There’s a simple invitation repeated throughout John’s account of Jesus’ ministry: “Come and see.” Jesus invites Andrew and another disciple to see where he is staying for the Sabbath rest. Philip invites Nathaniel to come see Jesus. The Samaritan woman invites her fellow villagers to come and see the man who told her everything she had ever done. Behind each of these invitations is God’s hand extended to us, beckoning us to come and know more fully who God is, who we are, and who we are called to be. Yet today’s passage from the John’s gospel account is a bit different. This time, it is the community inviting Jesus to come and to see instead of the other way around. Come, Lord. Come and see death. Experience loss with us, o teacher.
As a younger man I clung to that small selection of text. There was something about it that resonated as truly glad tidings in the midst of grief. This week, the good news that I hear is that Jesus obliges to that “Come and see” invitation. Jesus doesn’t back away from death. Even more radically, as we enter into Holy Week next Sunday we reflect on the God we believe not only witnessed death, but experienced it himself in Jesus. God’s hand outstretched for us doesn’t recoil when coming up against the fruits of sin like poverty, discrimination, self-righteousness, or legalism, nor does it withdraw at the inevitable final destination sin holds for its thralls: death. Instead, when we reach out our hands, God’s hand touches our own, grasps us, and pulls us in.
So much of my time in my own faith relationship and in ministering to others’ is to open my eyes and ears to God’s invitation to come and see. That means being present to ways that God calls me to live out the Gospel that I might not think of immediately (or at all) and/or that challenge me.

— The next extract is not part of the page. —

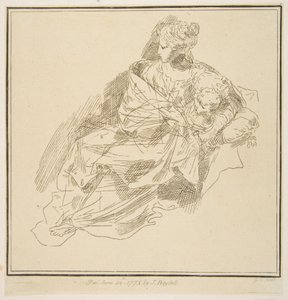 Bakire ve Çocuk, 1775. by Unbekannt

It means being engaged and present in uncomfortable situations, whether in conversations or in reaching out to people with whom I normally don’t associate. It also means engaging more fully in prayer, following Jesus’ own example.

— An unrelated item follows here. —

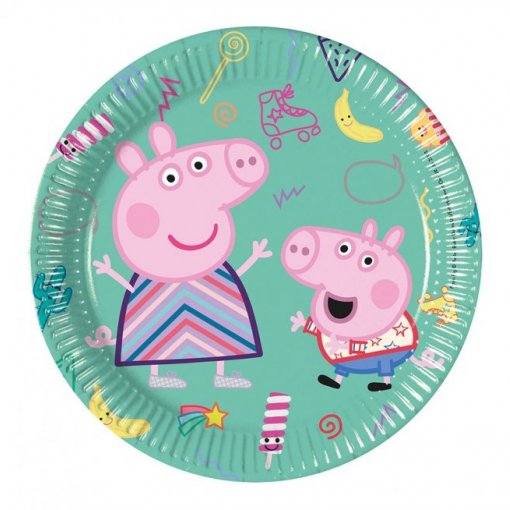 8 Pratos 20cm EU Peppa Pig
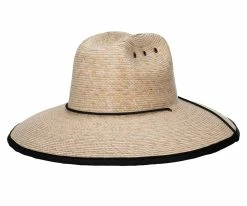 Slate - Makai Palm Straw Lifeguard Hat Men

As I delve into that invitation, though, I take great comfort in this weekend’s story as I remember that God’s invitation to come and see is a two-way street. In times of need and grief, our shared faith does not profess a God who is aloof, distant, shining immaculately while we are left to suffer in the dinginess of this world. We belief in a God who is truly Emmanuel, with us.

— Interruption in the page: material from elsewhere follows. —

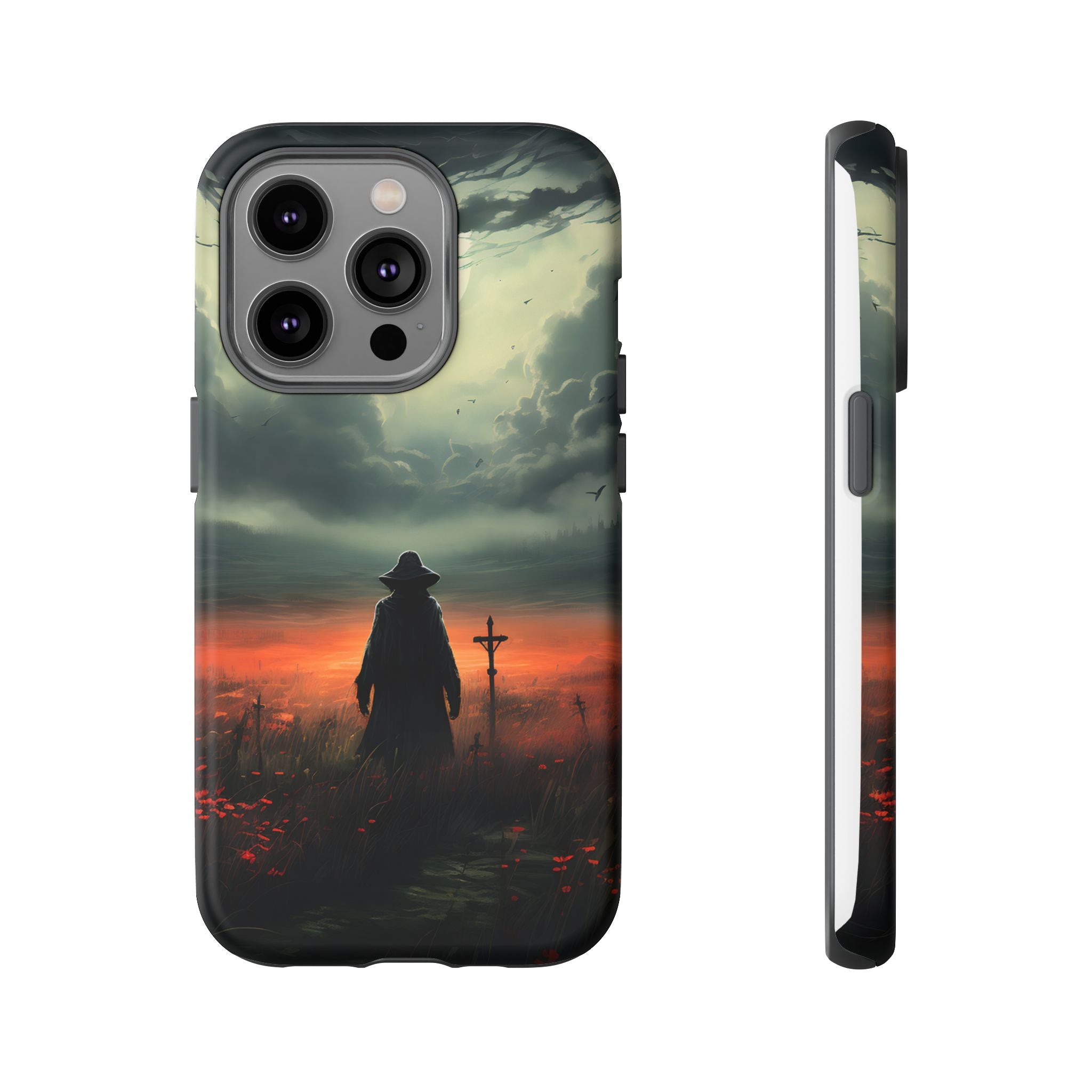 Haunted Field Hexagon Stone iPhone Case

My hopes for myself and for all of us are threefold: to be inspired by this truth and invite the Lord more frequently to come and see in our lives; that we might have open hearts and minds to accept the invitation to come and see God indwelling in others, both through knowing their sorrows and their joys; and that we might take the risk to invite others to come and see us as we are, and recognize that God’s love is already with us just where we are.